Following this concern regarding misinformation, Mark Zuckerberg took to his personal Facebook page to address the issue and to let the public know what steps he has taken to combat the rising content of fake/misinformation.
Starting of Mark stated,
“A lot of you have asked what we’re doing about misinformation, so I wanted to give an update.
The bottom line is: we take misinformation seriously. Our goal is to connect people with the stories they find most meaningful, and we know people want accurate information. We’ve been working on this problem for a long time and we take this responsibility seriously. We’ve made significant progress, but there is more work to be done. Historically, we have relied on our community to help us understand what is fake and what is not. Anyone on Facebook can report any link as false, and we use signals from those reports along with a number of others — like people sharing links to myth-busting sites such as Snopes — to understand which stories we can confidently classify as misinformation. Similar to click bait, spam ,and scams, we penalize this content in News Feed so it’s much less likely to spread.”
Speaking more of the topic, he stated the steps Facebook is taking on to combat the fake news crisis.
– Stronger detection. The most important thing we can do is improve our ability to classify misinformation. This means better technical systems to detect what people will flag as false before they do it themselves.
– Easy reporting. Making it much easier for people to report stories as fake will help us catch more misinformation faster.
– Third party verification. There are many respected fact checking organizations and, while we have reached out to some, we plan to learn from many more.
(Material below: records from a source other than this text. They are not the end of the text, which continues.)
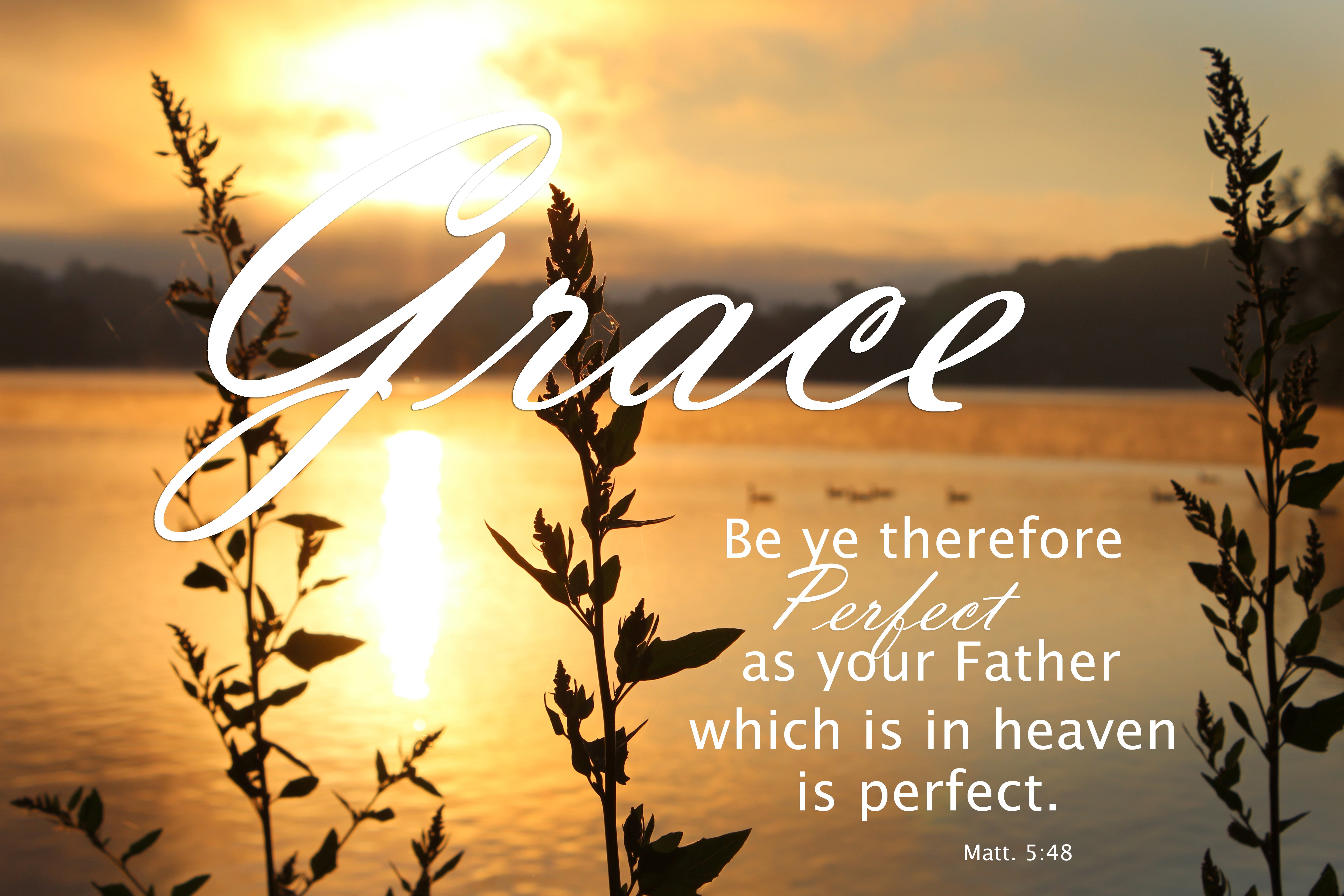 Lake Junaluska, United Methodist conference center. Photo by Kay Panovec; graphic by Laurens Glass, United Methodist Communications.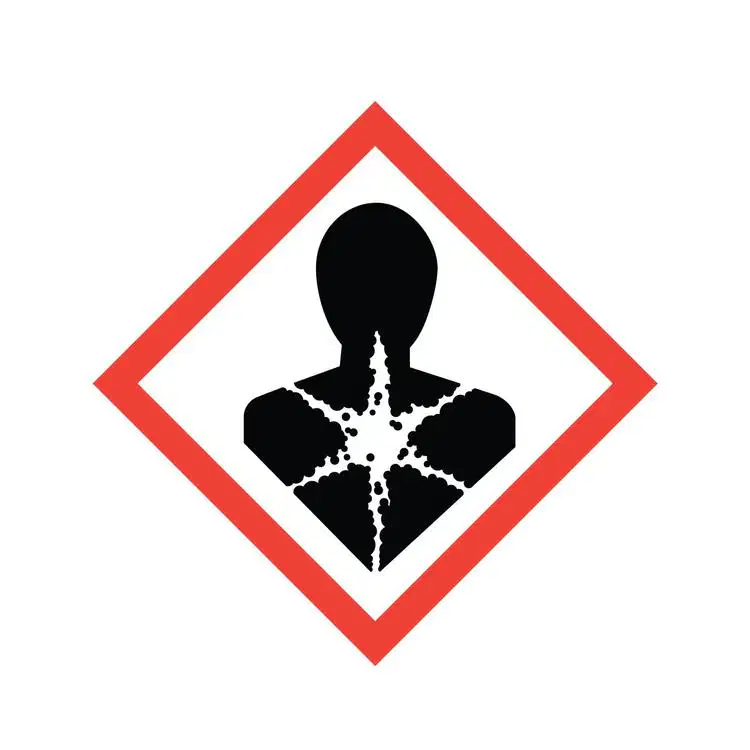 Media Image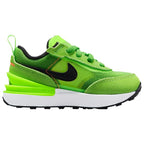 Waffle One TD ‘Electric Green’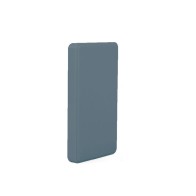 Caja Externa HDD 2.5'' USB 3.0 SCG2543 Gris Coolbox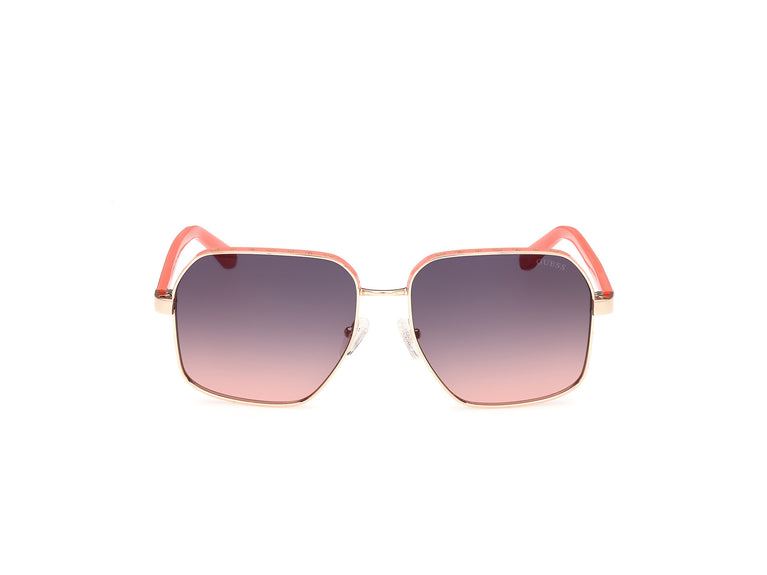 Guess GU00107 74B 58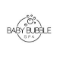 Baby Bubble Spa 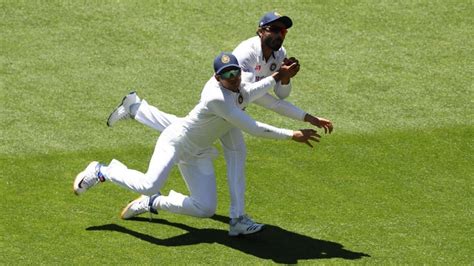 Ravindra Jadeja catch today: Watch Jadeja grabs superb catch to dismiss ...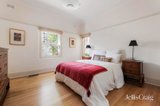 https://images.listonce.com.au/custom/160x/listings/33-christowel-street-camberwell-vic-3124/649/01812649_img_17.jpg?nF74oaTjRiA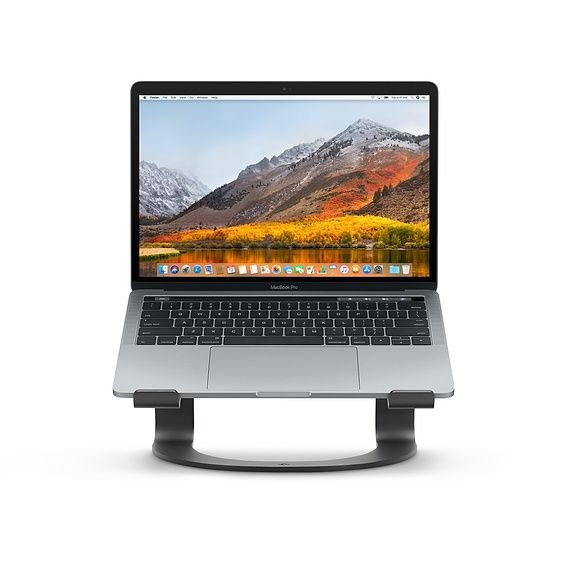 MacBook için Twelve South Curve Stant
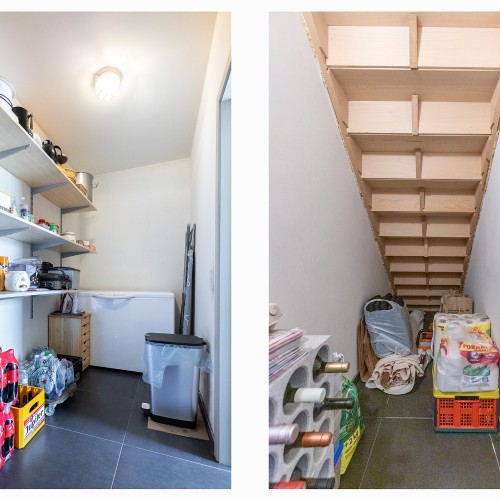 Huis te koop Ruddervoorde - Caenen 4411364 - 3746001023000109724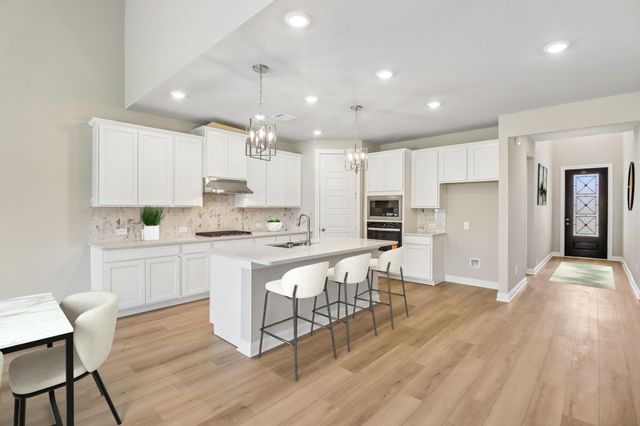 17755 Mill Manor Drive, Montgomery, TX 77316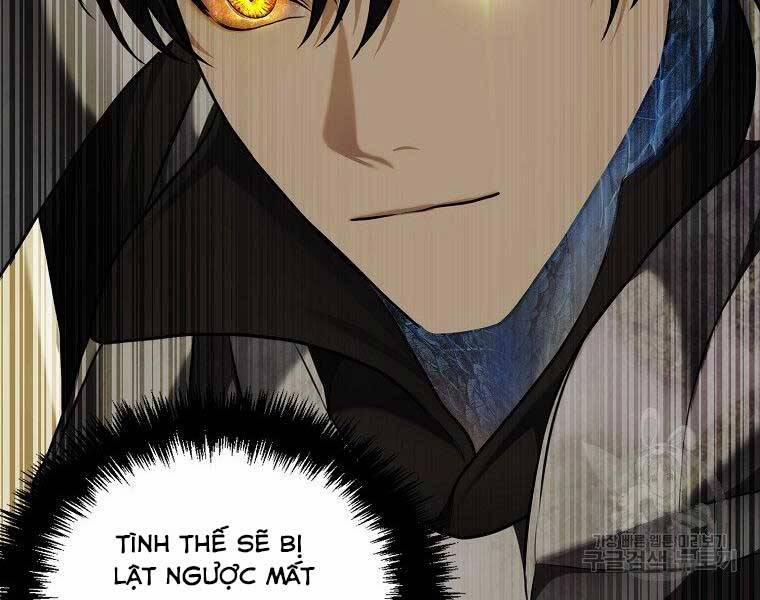 Thăng Cấp Trở Lại 124 trang 131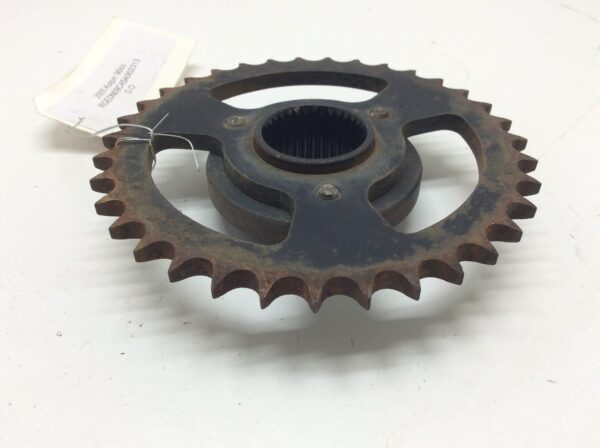 2005 Kolpin Sprocket 35T 428-35 - Image 5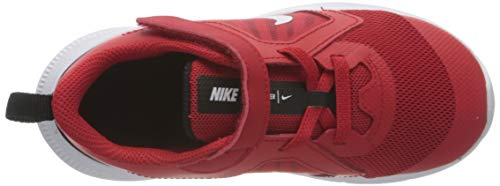 Nike Kids Obuv Nike Downshifter 10 (Tdv) Lifestyle Shoes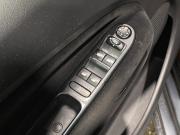 Citroen C3 Picasso I Пермь  - изображение 36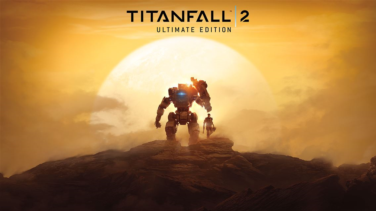 Купить аккаунт Titanfall 2 Ultimate Edition Xbox One ⭐🔥⭐ на Origin-Sell.com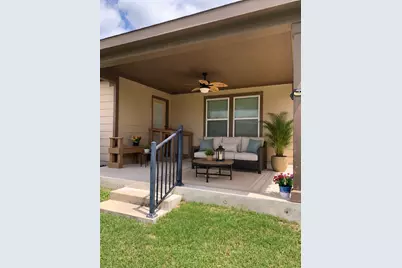 600 Chambers Creek Court, Georgetown, TX 78633 - Photo 34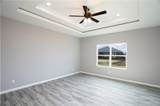 1013 Magnolia - Photo 20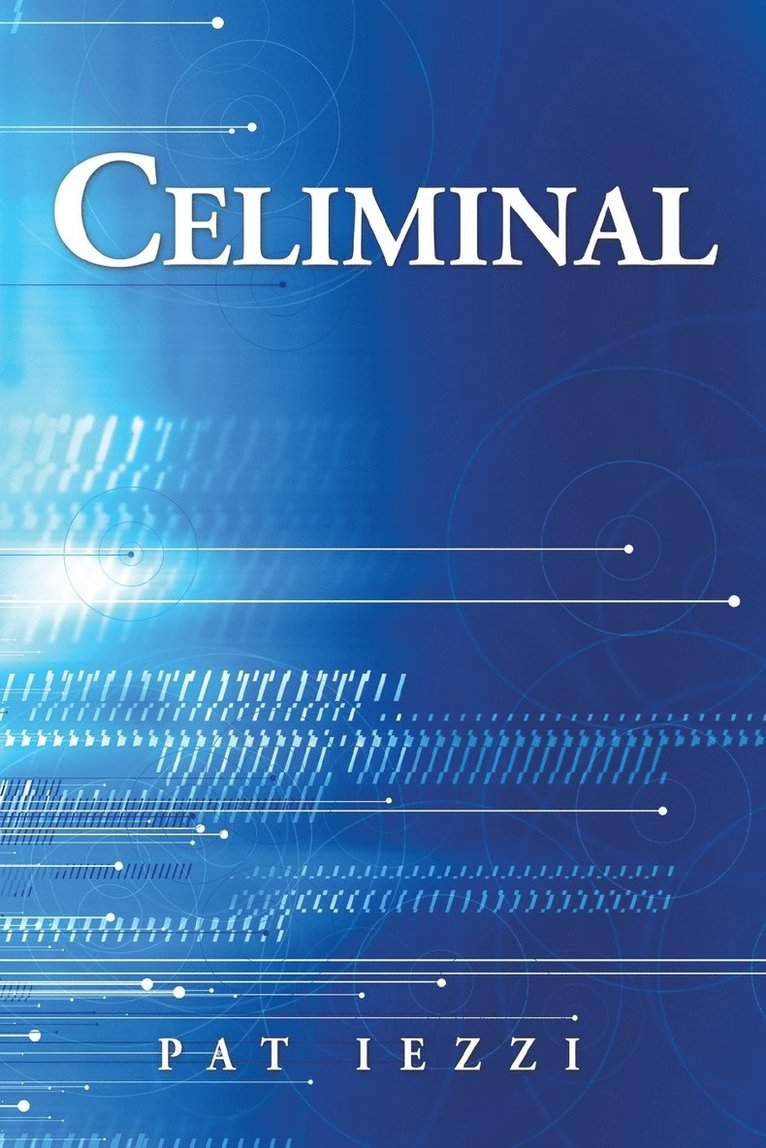 Celiminal 1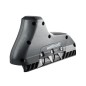 CANTEADORA TRIPLE WOLFCRAFT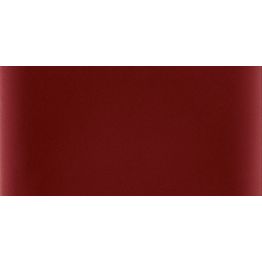 Seinälaatta Pukkila Urban Atelier Sangue De Boi kiiltävä sileä 140x70 mm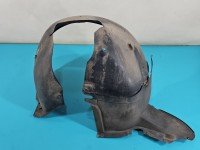 Nadkole przód lewe Vw Golf VI 5K0805977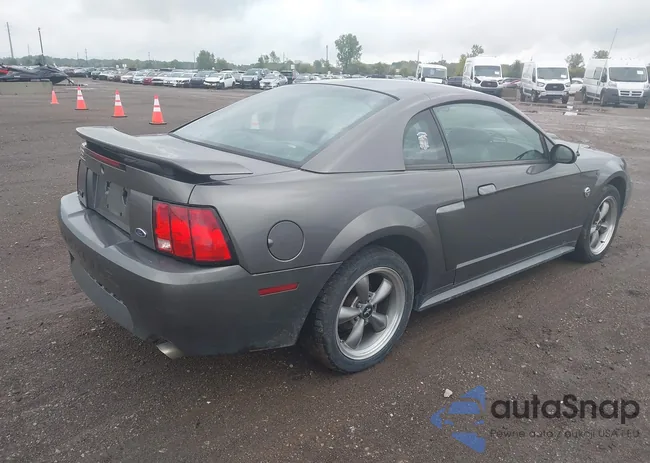 1FAFP42X24F129924: 43305867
– Warnings. We are exploring labeling stories that have been flagged as false by third parties or our community, and showing warnings when people read or share them.
– Related articles quality. We are raising the bar for stories that appear in related articles under links in News Feed.
– Disrupting fake news economics. A lot of misinformation is driven by financially motivated spam. We’re looking into disrupting the economics with ads policies like the one we announced earlier this week, and better ad farm detection.
– Listening. We will continue to work with journalists and others in the news industry to get their input, in particular, to better understand their fact checking systems and learn from them.
As a word of caution, Mark stated ” We need to be careful not to discourage sharing of opinions or to mistakenly restrict accurate content. We do not want to be arbiters of truth ourselves, but instead, rely on our community and trusted third parties.”